Nessun dubbio, abbiamo portato i valori di chi resta nelle nazioni industrializzate. Collegati in rete ovunque e, in qualche modo, socialmente sicuri, controlliamo il mondo e il nostro denaro controlla il mercato capitalistico. Tuttavia la nostra vita sembra essere costantemente minacciata. Le situazioni di allarme si susseguono, e così pure i programmi d'emergenza. Minacciati dall'esaurimento delle fonti di energia e dalla catastrofe climatica, spaventati dall'AIDS e dalle intossicazioni alimentari, preoccupati per la foresta tropicale e per la molteplicità delle specie, la speranza e la gioia di vivere si dileguano.

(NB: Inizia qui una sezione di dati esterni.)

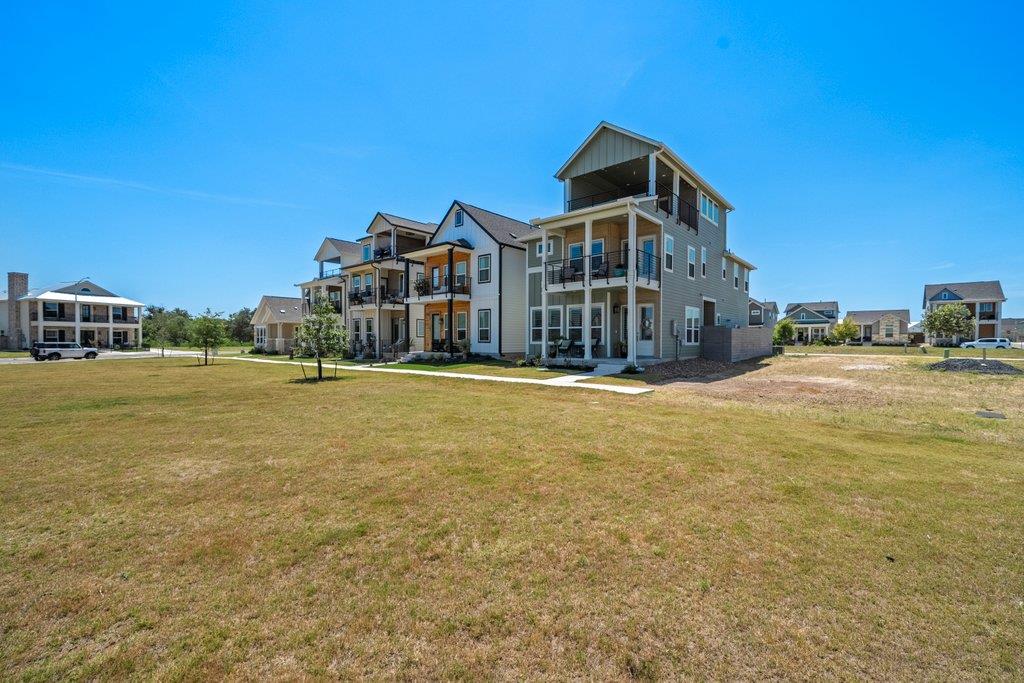 634 Chambray None Property Photo 32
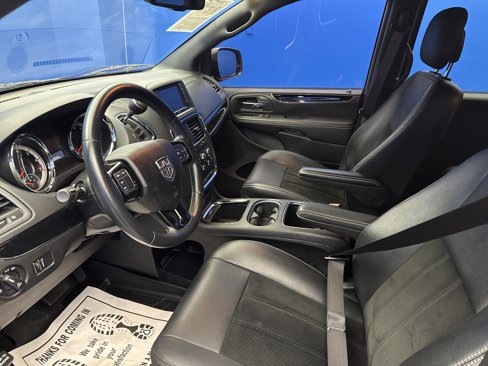 Used 2015 Dodge Grand Caravan SXT image 13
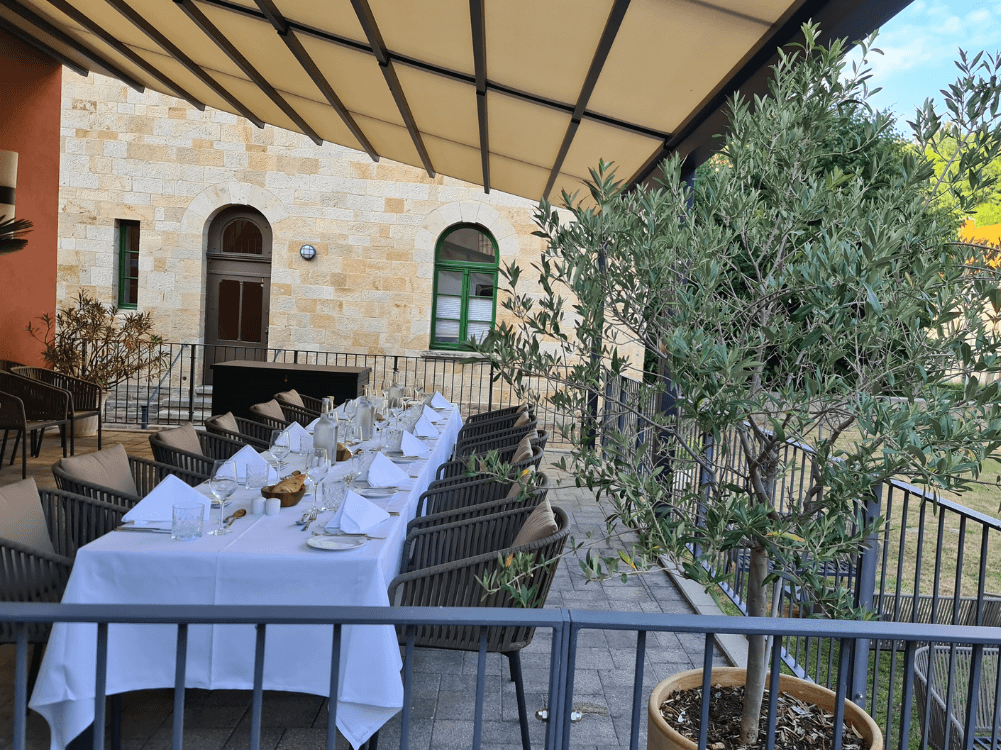 Schön eingedeckte lange Tafel auf der Terrasse des Schlosshotels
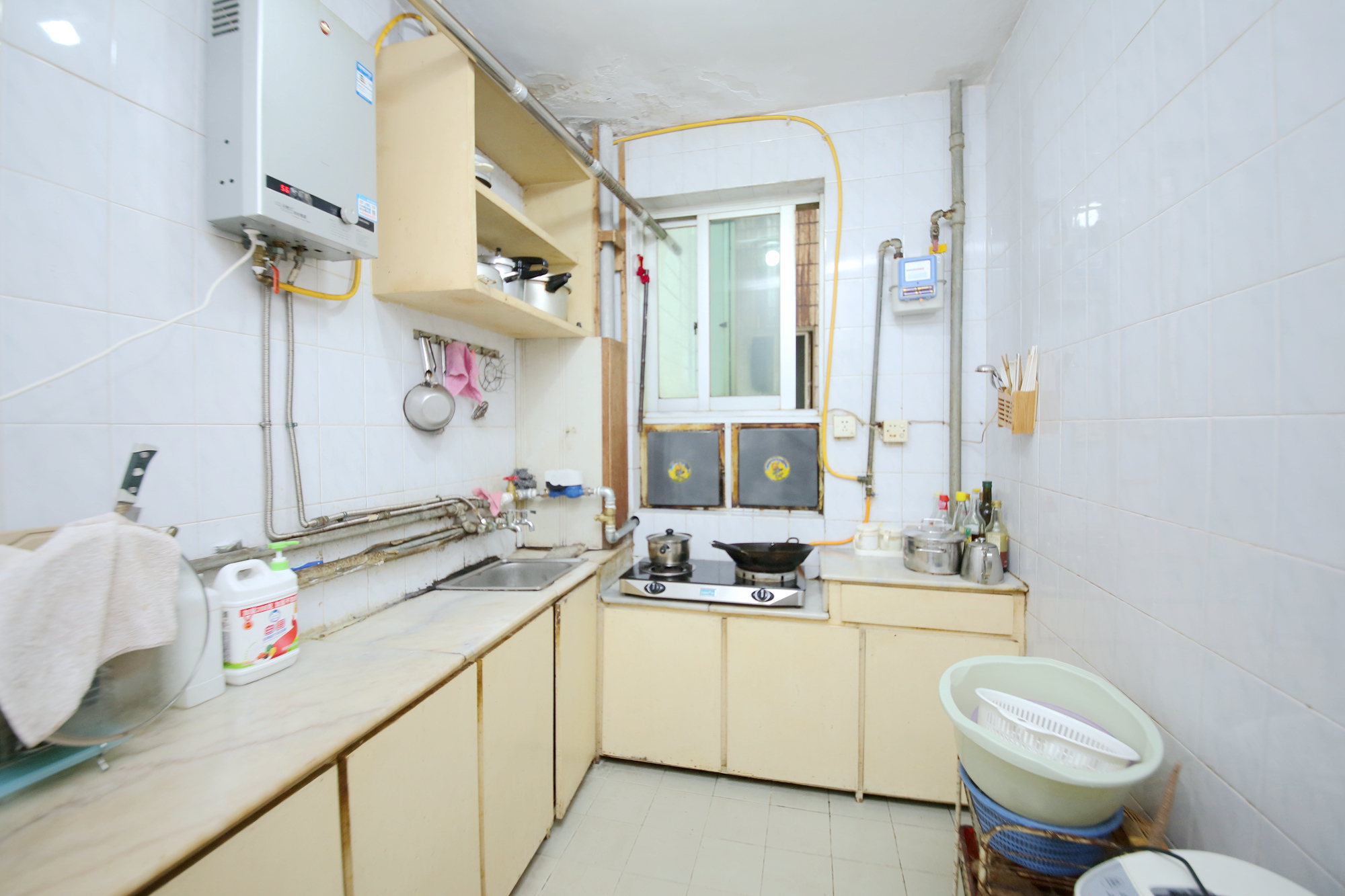 建工集团单位房  2室2厅1卫   89.50万厨房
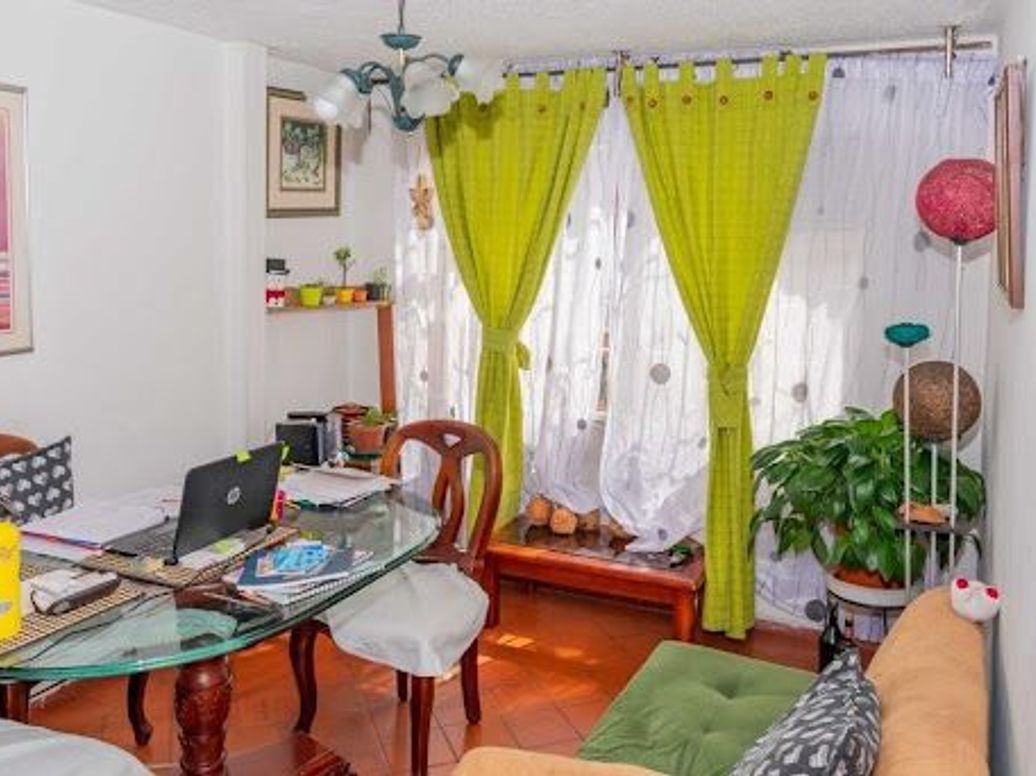 Casa de 9 alcobas en venta en La Clarita, Bogotá, 371 m² · foto 5 de 17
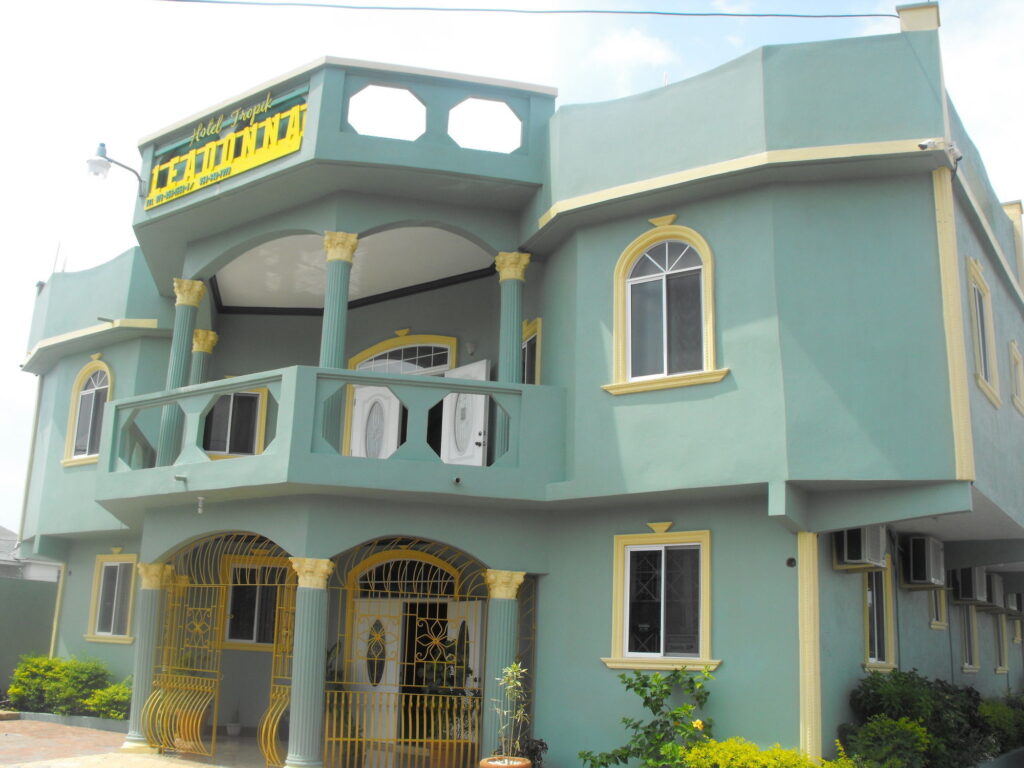 Hotel Tropik Leadonna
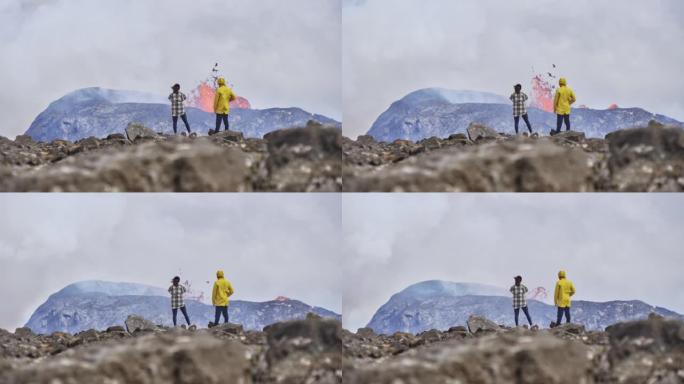 几个旅行者欣赏火山爆发的景观
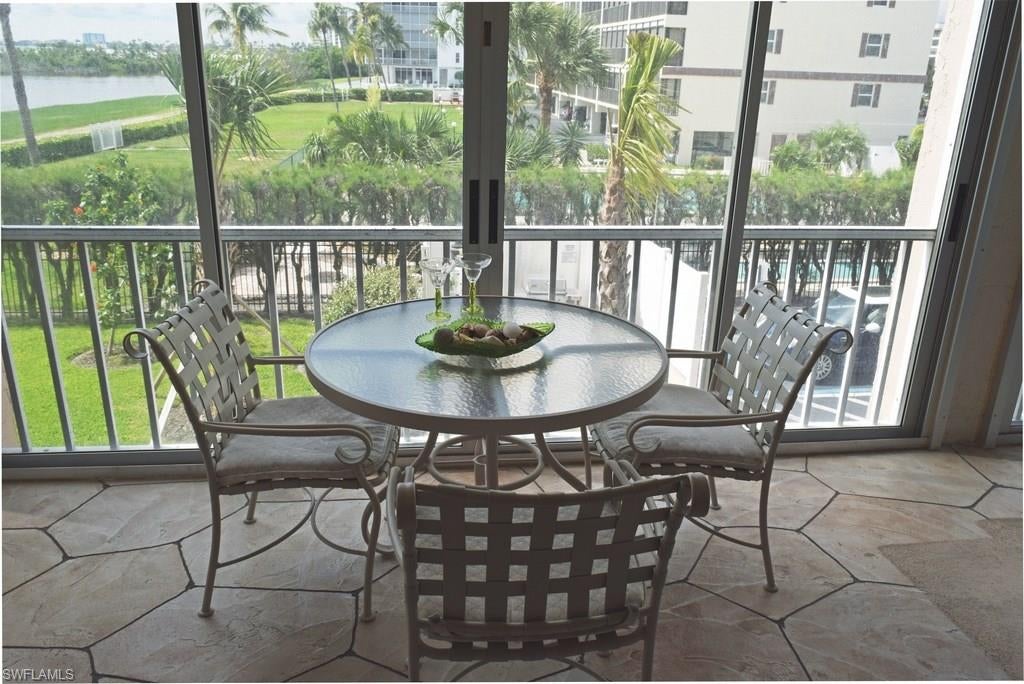 CRECIENTE CONDO NORTH - Residential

Una vera tragedia ma senza rimproveri o dubbi e alla fine senza la nostra partecipazione: il declino dei popoli delle montagne. Molti credono che l'ultimo atto dell'esodo dalle montagne significhi un guadagno per noi, un beneficio per le città. «I popoli delle montagne devono scomparire?» chiedo a me stesso e ai miei lettori.

Forse presto ci ricorderemo di loro nei nostri musei, degli hunza e degli sherpa, dei walser e degli indios, delle società tribali senza rappresentanti, delle società non costituite in nazione, degli aborigeni dei continenti più lontani. Tra alcuni decenni forse li avremo scacciati, integrati, assimilati oppure molto semplicemente eliminati. Ma quando avremo tolto all'ultimo khampa il suo orgoglio, al dani della Nuova Guinea l'astuccio penico e alla donna ladakhi i gioielli di turchesi per metterli nel nostro zaino, sarà troppo tardi. Perché se berremo il tè al burro sotto qualche tetto di lamiera o in qualche albergo di paese e ci entusiasmeremo per i tempi passati, nessuno saprà più che cosa è andato realmente perduto. Le strade, le case e gli stili di vita saranno come i nostri.

Se vogliamo «civilizzare» gli uomini delle montagne, diventeranno come noi, nostri pari. Ma come faranno le generazioni future a capire che cosa è andato perduto con il declino delle culture di montagna? Chi sentirà la mancanza di qualcosa che non ha mai conosciuto?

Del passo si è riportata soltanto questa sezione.